Dynamic Differential Pricing of High-Speed Railway Based on Improved GBDT Train Classification and Bootstrap Time Node Determination

Abstract

This paper proposes a differential pricing method and a strategy for determining the time node based on the multi-dimensional characteristics of trains by Markov stochastic process, which focus on the study of dynamic differential pricing of the same class of seats with non-parallel trains with different operating characteristics at the same origin-destination. Firstly, an improved machine learning Boosting model Gradient Boosting Decision Tree(GBDT) is proposed to optimize the price discrimination grouping. Secondly, a dynamic simulation mechanism of passengers’ selection under differential pricing is constructed, which breaks through the traditional measurement method to measure the passengers’ sensitivity to price changes. Thirdly, a new method, which uses Bootstrap to get the dynamic feedback for the adaptability of passengers under a differential pricing system, is proposed to determine the iteration nodes of differential pricing.
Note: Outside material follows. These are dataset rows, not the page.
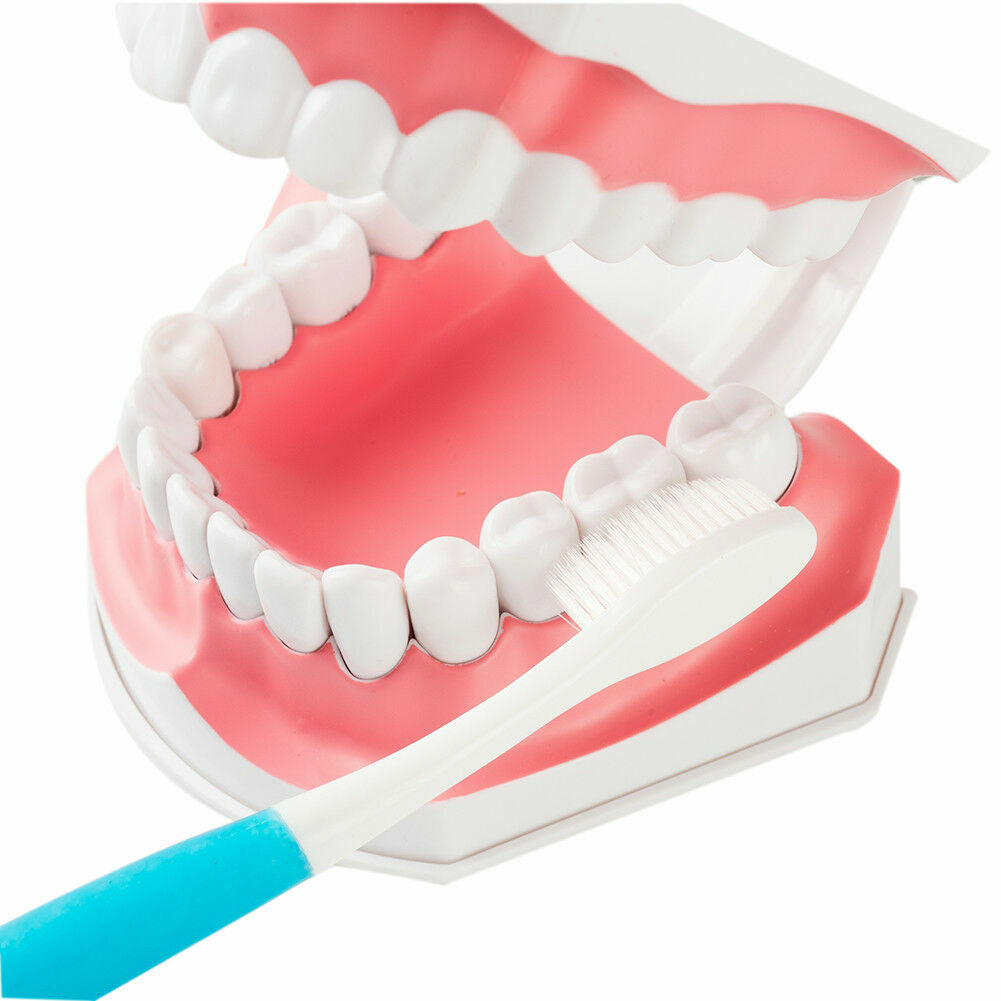 1x Dental Teaching Typodont Model Large With Removable Teeth Colgate SALE HOT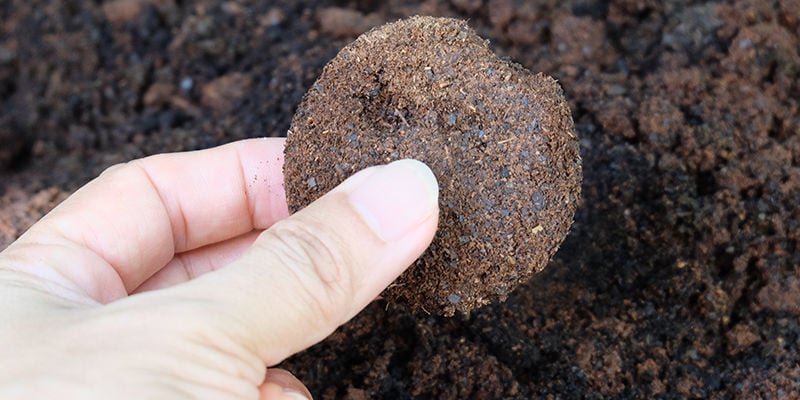 What are coffee grounds, and are they good for cannabis?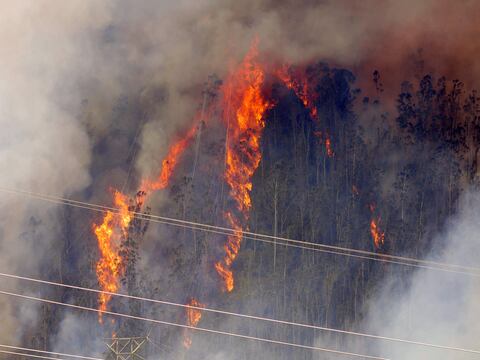 En marcha planes contra incendios forestales en Quito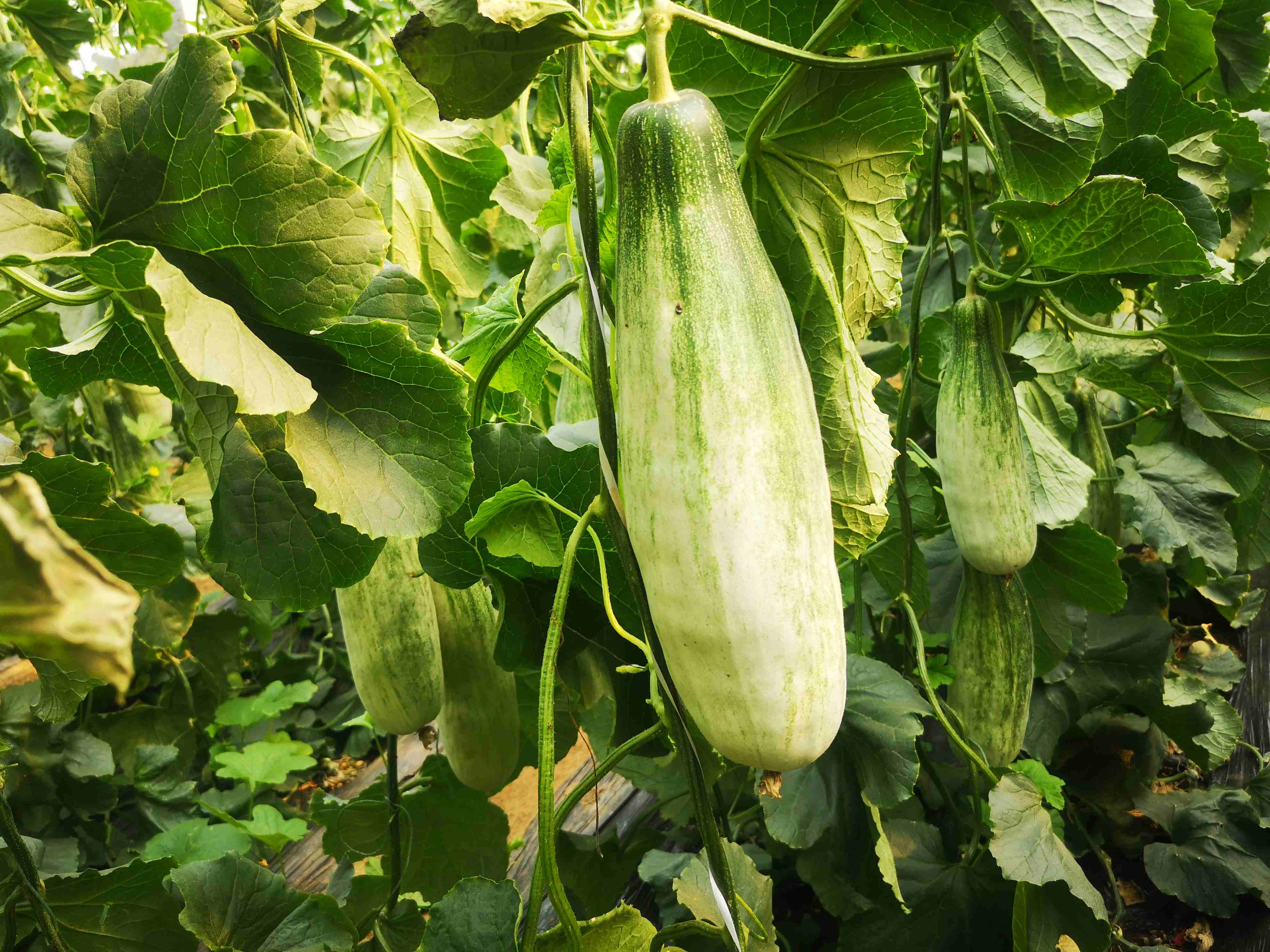 山东原产地,羊角蜜甜瓜,香酥脆甜,羊角酥应季水果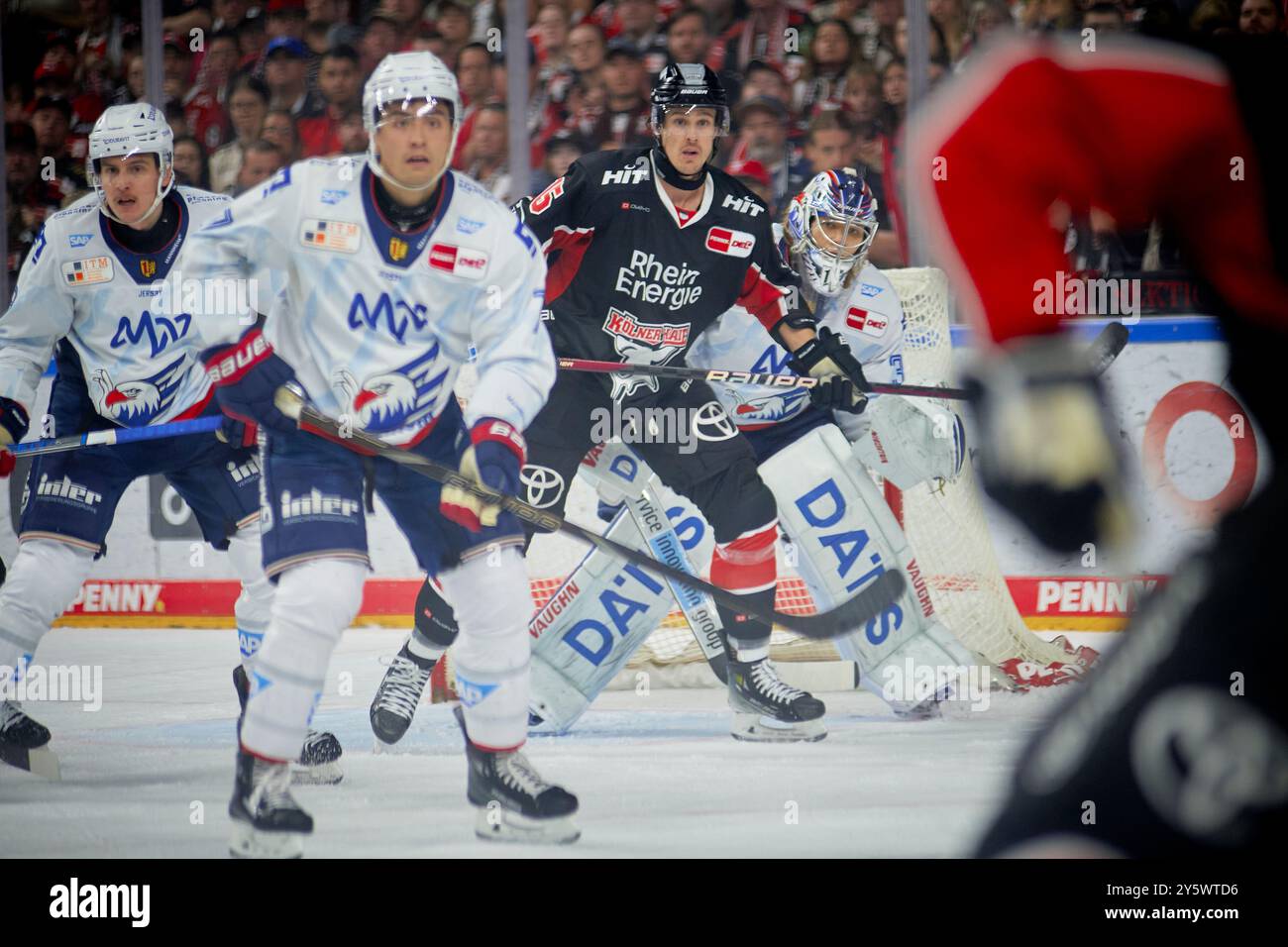 COLOGNE, ALLEMAGNE - 22 SEPTEMBRE 2024 : Louis-Marc Aubry, le match de DEL Koelner haie vs Adler Mannheim à Lanxess Arena Banque D'Images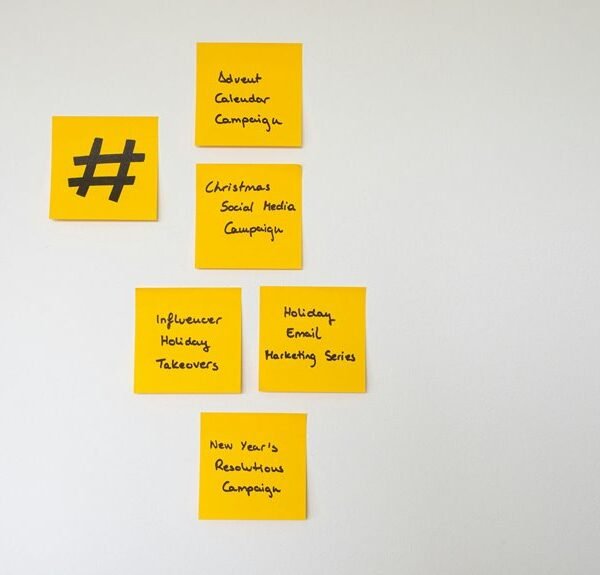 seo campaigns for success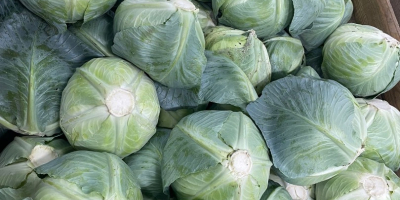 Spät reifender Kohl. Geeignet für die Langzeitlagerung (im Kühlschrank).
Finally, based on the Markov property of railway passengers’ selection, the paper breaks through the traditional static pricing mechanism and constructs a dynamic differential pricing solution framework. Taking the Beijing-Shanghai high-speed trains from Beijing South to Shanghai Hongqiao as an example, by comparing with the existing dynamic differential pricing system, it’s proved that the dynamic differential pricing system proposed in this paper can balance the occupancy rate between trains, suppress the fluctuation of occupancy rate, determine the updating node of differential pricing, etc., and hence, is more reasonable and effective than the current system.